The kind, sweet, funny and sincere Artgirlz were a blast. The Artgirlz are Rhode Island artists Allison and Tracy Stilwell. They were recently featured in Cloth Paper Scissors magazine. I asked for a photo opp in an effort to snuggle up to these two, hoping that some of the incredible creativity they simply ooze would rub off on me. They were happy to oblige.

I have been buying and loving their wool felt beads, pewter charms, and stamps since I discovered them at International Quilt Festival in 2006. At this Market, I discovered their new felt purses called Big Bags, which I absolutely MUST HAVE NOW. You can see some of their products and find out more about them on their blog.

Going into Cindy Taylor Oates’ booth was like sinking your teeth into a sugary sweet cupcake! Cute to the max. Cindy says she has been designing patterns for 28 years (seriously, she can't be that old!) and orders for her little Cupcake Pincushions, Retro Aprons book, and Little Retro Aprons for Kids (a new book of aprons for children) were selling like hotcakes when I was in her booth. In between, she gave me some valuable advice. Thanks, Cindy!

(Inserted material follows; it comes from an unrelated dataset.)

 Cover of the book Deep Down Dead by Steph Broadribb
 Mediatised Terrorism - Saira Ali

Cindy’s blog shows off her work and illustrates her incredible talent for displays and merchandising.

Debra Lunn of Lunn Fabrics shows off a quilt made from her glorious new line of batiks for Robert Kaufman’s batik division called Artisan Batiks. For this quilt, you cut up their new fabric (designed with 1-inch-wide stripes) on the diagonal, then sew the strips down on a foundation fabric to keep the bias from going wonky. Yep, that’s it. The fabric does the work for you. Cool.

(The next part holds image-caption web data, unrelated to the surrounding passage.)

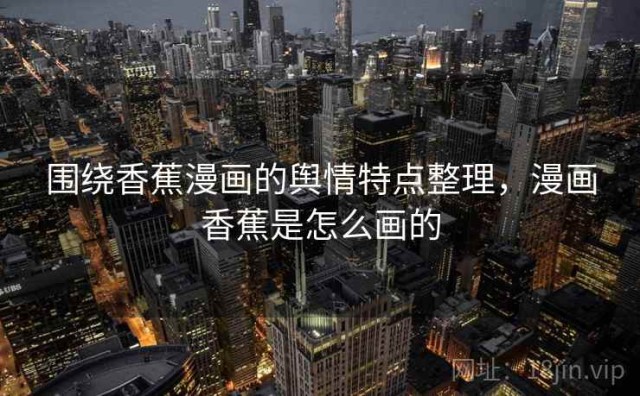 围绕香蕉漫画的舆情特点整理，漫画香蕉是怎么画的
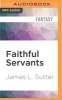 Faithful Servants (MP3 format, CD) - James L Sutter Photo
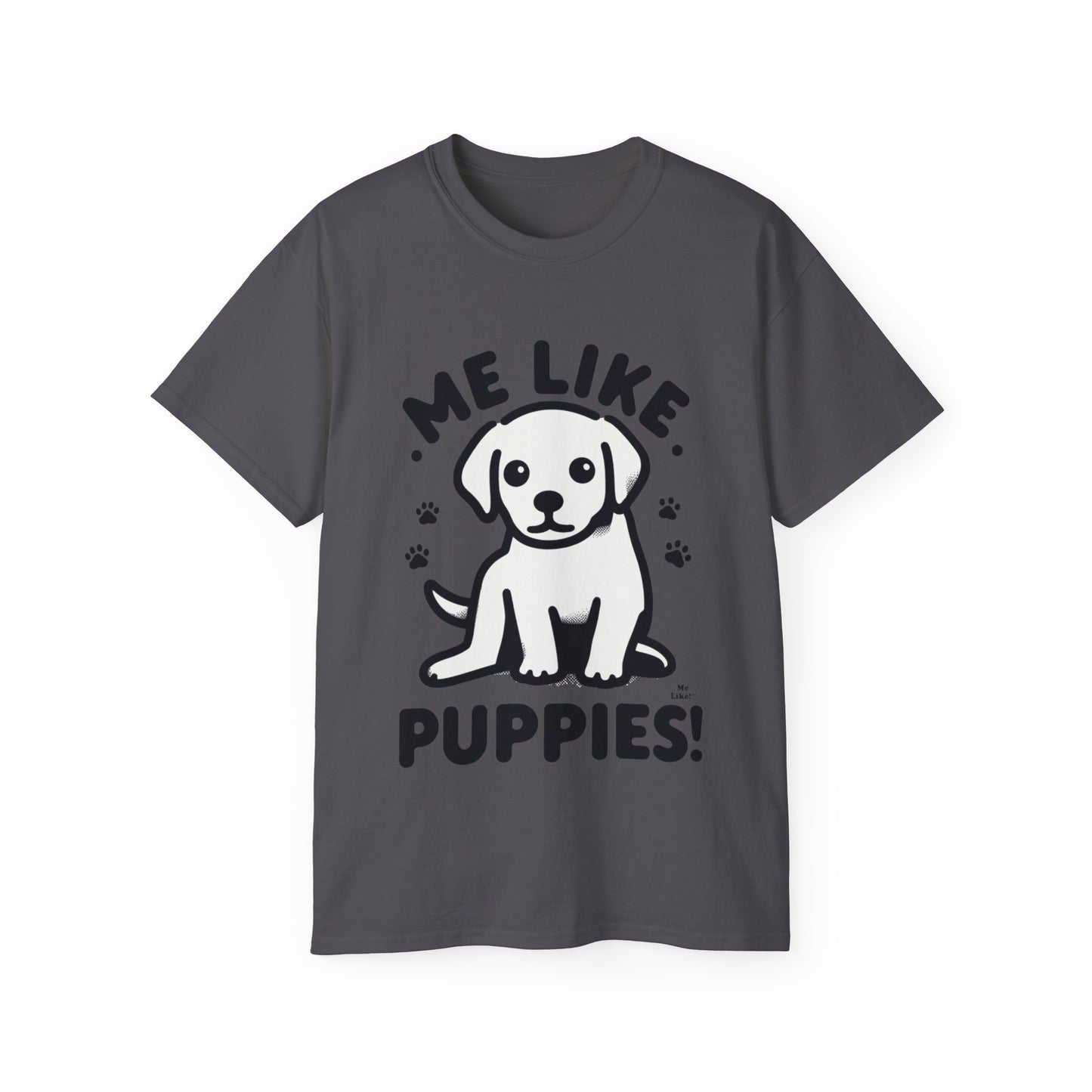 Me Like Puppies! - Unisex Ultra Cotton Tee - (#3)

I met Debra and her partner, Michael Mrowka, at their Lancaster, Ohio, studio during the Studio Art Quilt Associates 2007 conference. (It is their fault that the zipper on my suitcase popped during my flight home. I could not resist their delicious batiks and hand-dyeds.) Debra gave a very interesting slideshow of how they work with craftsmen in Java to make the batiks. They spend two to three months of the year working there, in collaboration with local craftsmen.

Jacqueline de Jonge of Be Colourful had some spectacular quilts in her booth, all pieced and handquilted by her. Her patterns are intricate, and most feature undulating triangles and circles. As the name of her pattern company suggests, her designs are also very bright; she has a fantastic sense of color.

Okay, that's it for now. I may remember more later!